Be prepared to get soaked as the Thingyan Water Festival comes to town, drenching everything in its path.
Thingyan is the Burmese New Year celebration, and it's always a wet one. With the firing of a cannon Burmese folk scramble to pour water onto the ground and murmur prayers, thereby washing away last year’s sins. This is a mere taste of what's to come. On the second day festivities are well and truly underway. Water is thrown by any means possible; water pistols, balloons and hoses are all fair game.
Garrisons of teenagers set up base camp by water stations (pandals), patrol trucks blasting pop music tow families in sunglasses that open fire on pedestrians and grinning men dump huge blocks of ice into brimming ammunition bins. Kids are in their element at this time of year having broken up from school to be unleashed on pedestrians with water pistols and tin cans. Get your electronics into sealed plastic bags, nice job if you have a dry bag.

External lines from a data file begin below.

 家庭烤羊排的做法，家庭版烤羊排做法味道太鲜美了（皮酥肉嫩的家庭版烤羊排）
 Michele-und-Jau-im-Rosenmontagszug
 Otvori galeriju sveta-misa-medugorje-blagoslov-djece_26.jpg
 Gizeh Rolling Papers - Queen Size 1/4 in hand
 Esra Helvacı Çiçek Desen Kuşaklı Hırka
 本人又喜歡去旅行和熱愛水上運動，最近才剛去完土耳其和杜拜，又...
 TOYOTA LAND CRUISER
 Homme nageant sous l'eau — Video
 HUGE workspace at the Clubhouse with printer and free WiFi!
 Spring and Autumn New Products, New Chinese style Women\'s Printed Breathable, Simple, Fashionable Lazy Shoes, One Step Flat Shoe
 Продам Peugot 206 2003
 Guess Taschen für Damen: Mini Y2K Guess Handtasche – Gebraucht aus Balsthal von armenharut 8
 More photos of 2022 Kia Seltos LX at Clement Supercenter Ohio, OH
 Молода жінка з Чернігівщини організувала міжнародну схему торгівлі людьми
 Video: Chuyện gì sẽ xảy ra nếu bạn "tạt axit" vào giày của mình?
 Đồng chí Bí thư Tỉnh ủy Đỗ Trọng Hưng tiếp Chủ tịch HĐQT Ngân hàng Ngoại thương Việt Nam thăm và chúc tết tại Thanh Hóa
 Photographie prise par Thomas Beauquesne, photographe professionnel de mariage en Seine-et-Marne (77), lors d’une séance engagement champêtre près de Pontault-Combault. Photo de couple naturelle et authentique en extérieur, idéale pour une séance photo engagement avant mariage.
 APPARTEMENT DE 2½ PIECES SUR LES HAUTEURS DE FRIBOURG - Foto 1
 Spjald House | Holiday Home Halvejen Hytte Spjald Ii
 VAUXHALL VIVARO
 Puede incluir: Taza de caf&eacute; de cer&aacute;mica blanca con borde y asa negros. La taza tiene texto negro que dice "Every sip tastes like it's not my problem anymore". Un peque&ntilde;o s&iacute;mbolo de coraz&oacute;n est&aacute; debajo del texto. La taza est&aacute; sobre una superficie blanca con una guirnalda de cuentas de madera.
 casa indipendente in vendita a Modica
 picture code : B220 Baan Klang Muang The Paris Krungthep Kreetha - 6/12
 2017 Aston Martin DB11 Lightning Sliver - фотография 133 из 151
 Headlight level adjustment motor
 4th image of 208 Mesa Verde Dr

The three to five day long Thingyan celebration concludes by welcoming in the new year and letting go of the old. Also celebrated is the descent of Thagyamin (a spiritual Buddhist figure) to earth whose backstory symbolises the origins of the Burmese calendar.
Religion is definitely at the heart of this festival and Thingyan eve sees Buddhists throughout Myanmar fasting, visiting temples to leave offerings and washing Buddha statues with sacred water. In many regards it’s similar to Thailand's now tourist ridden Songkran, minus the foreigners.
The best way to celebrate Thingyan is to jump right in. Only the elderly and monks are exempt from being doused with water, so get ready to soak up some culture and get absolutely drenched if you're planning to (water) drop by.